Nothing but the lines below between the line holding "ap-al ettifaq fc-1 cadre Bois clair" and the line holding "Emulate iPhone app Godnattsagor HD using MyAndroid Emulate", inclusive, should appear in the answer, each set down exactly.

(Beginning of Records to use)

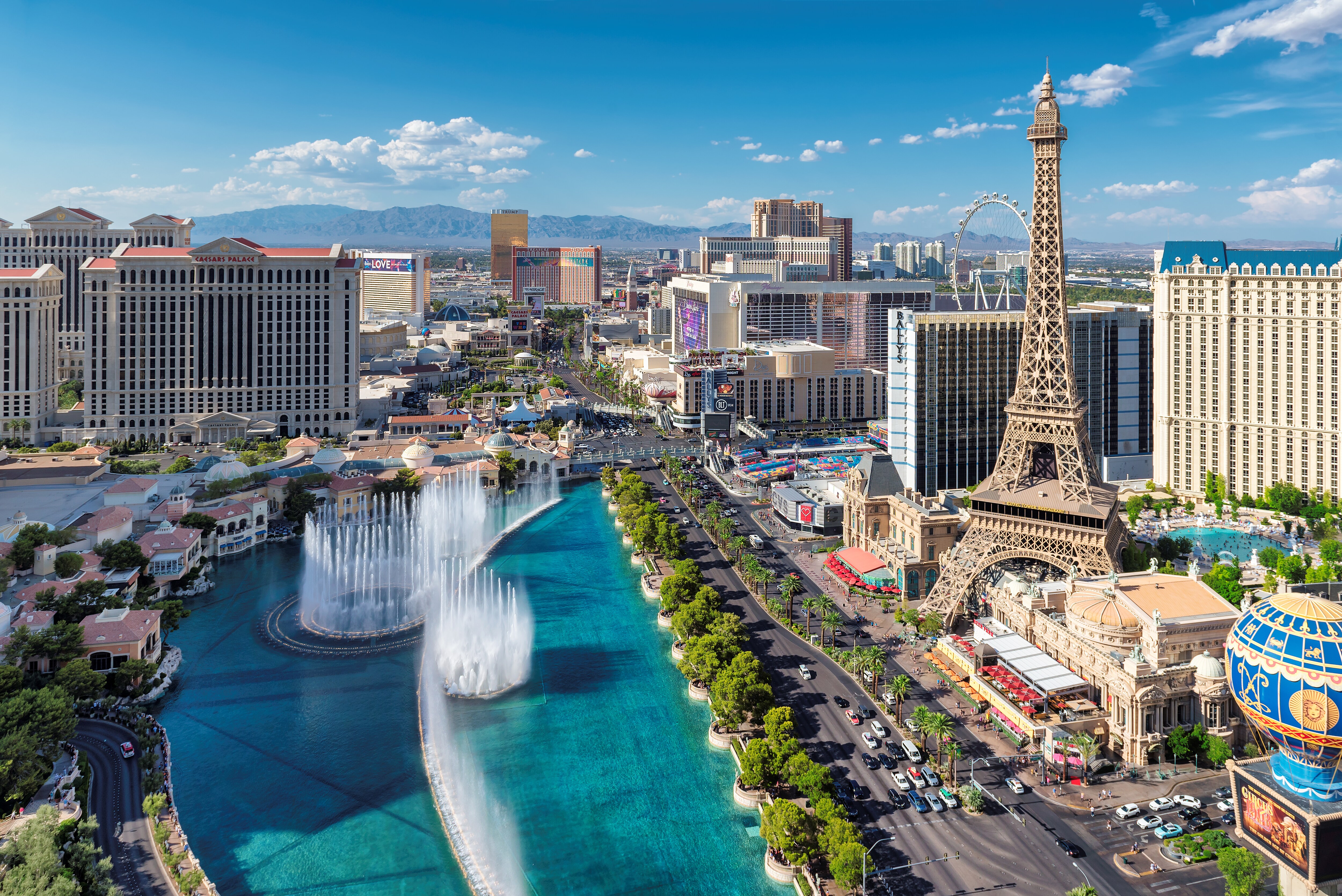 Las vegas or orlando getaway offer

(End of Records to use)
(Beginning of Records to use)

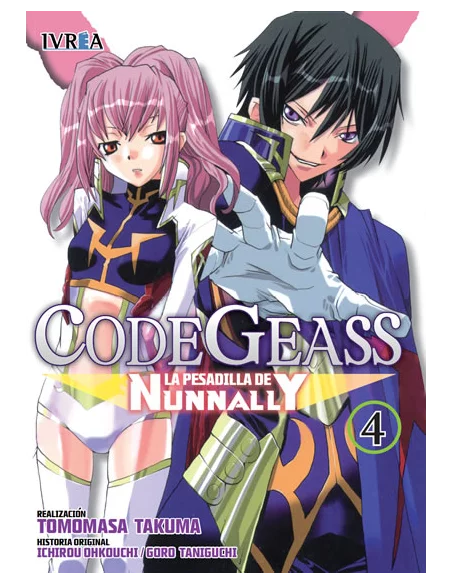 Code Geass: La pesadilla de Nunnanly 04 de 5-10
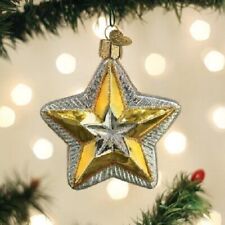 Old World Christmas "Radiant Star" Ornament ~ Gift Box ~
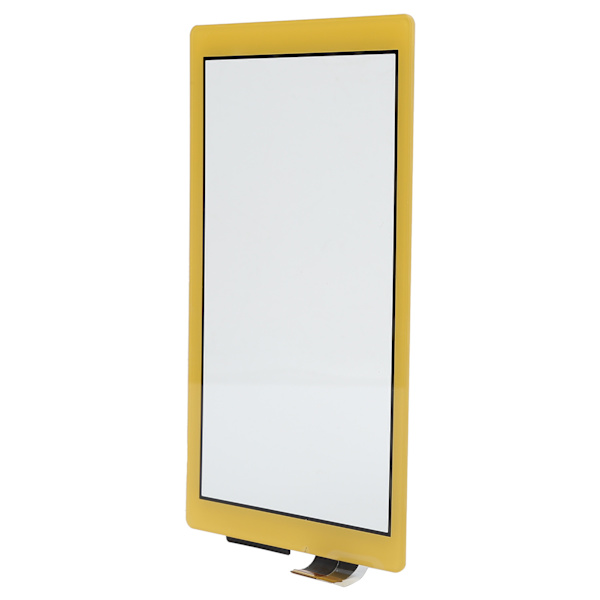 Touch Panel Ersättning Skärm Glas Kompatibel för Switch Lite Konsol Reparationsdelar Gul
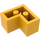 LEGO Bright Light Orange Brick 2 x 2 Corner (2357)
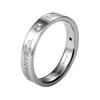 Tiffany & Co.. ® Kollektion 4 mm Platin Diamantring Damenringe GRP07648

(End of Records to use)
(Beginning of Records to use)

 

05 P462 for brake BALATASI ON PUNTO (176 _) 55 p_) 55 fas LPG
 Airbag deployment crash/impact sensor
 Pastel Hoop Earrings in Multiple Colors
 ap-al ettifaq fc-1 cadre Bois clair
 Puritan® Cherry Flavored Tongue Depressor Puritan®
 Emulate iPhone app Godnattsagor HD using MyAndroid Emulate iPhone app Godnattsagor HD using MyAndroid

(End of Records to use)

## Response below
 ap-al ettifaq fc-1 cadre Bois clair
 Puritan® Cherry Flavored Tongue Depressor Puritan®
 Emulate iPhone app Godnattsagor HD using MyAndroid Emulate iPhone app Godnattsagor HD using MyAndroid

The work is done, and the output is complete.